Each year, through the Linked Clinical Trials (LCT) initiative, drugs are selected by the Linked Clinical Trials committee, based on drug safety; the drug’s ability to pass the blood-brain barrier; mode of action relevant to putative disease mechanisms in Parkinson’s (PD); ability to measure the drug’s effectiveness; and whether there has been demonstrated success in several preclinical Parkinson’s models (Brundin et al 2013). 

2017 Update:

At our annual LCT meeting in September 2017, the committee prioritised more compounds to be brought forward for further investigation: Twenty-one different treatment options were discussed, each with the potential to change the underlying disease processes. Some of the drugs discussed had general or non-specific actions, others were targeted with defined ways of measuring engagement in the brain.

Dossiers of each drug discussed were compiled by CPT’s director of research & development, Dr Richard Wyse. Included were three drugs where promising new findings have been published in recent weeks, including Salbutamol, Trazodone and Nortriptyline.

In the pipeline are the 2016 drugs: MSDC-0160, Trehalose (which was initially discussed in 2012), and MMF. 

Our next job is to identify the pathways necessary to bring these treatments forward to trial as well as continuing to focus our energies on the drugs that have already been prioritised in previous LCT meetings.
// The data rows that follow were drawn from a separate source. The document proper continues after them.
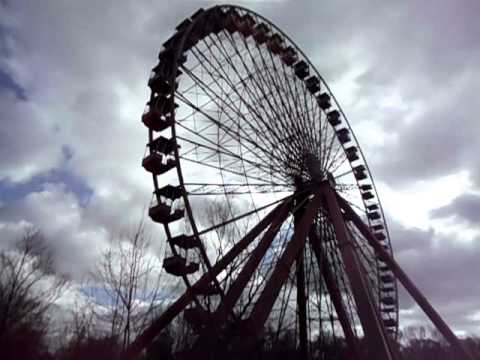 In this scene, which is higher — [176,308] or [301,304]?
[301,304]

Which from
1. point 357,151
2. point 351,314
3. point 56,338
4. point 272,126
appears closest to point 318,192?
point 272,126

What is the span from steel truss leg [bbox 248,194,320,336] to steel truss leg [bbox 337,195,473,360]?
1806 millimetres

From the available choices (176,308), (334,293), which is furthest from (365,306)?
(176,308)

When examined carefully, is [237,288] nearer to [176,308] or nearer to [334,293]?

UDCA Ursodeoxycholic acid - is already used to treat liver disease and to lower cholesterol, but we are interested in its proven action to improve mitochondrial function (or energy production) in each cell, which in Parkinson’s is disturbed. Working closely with Dr Oliver Bandmann in Sheffield, we are designing a trial which will help us to truly evaluate UDCA's potential benefits in PD. We hope to have more information available shortly and we will be seeking funding for this trial.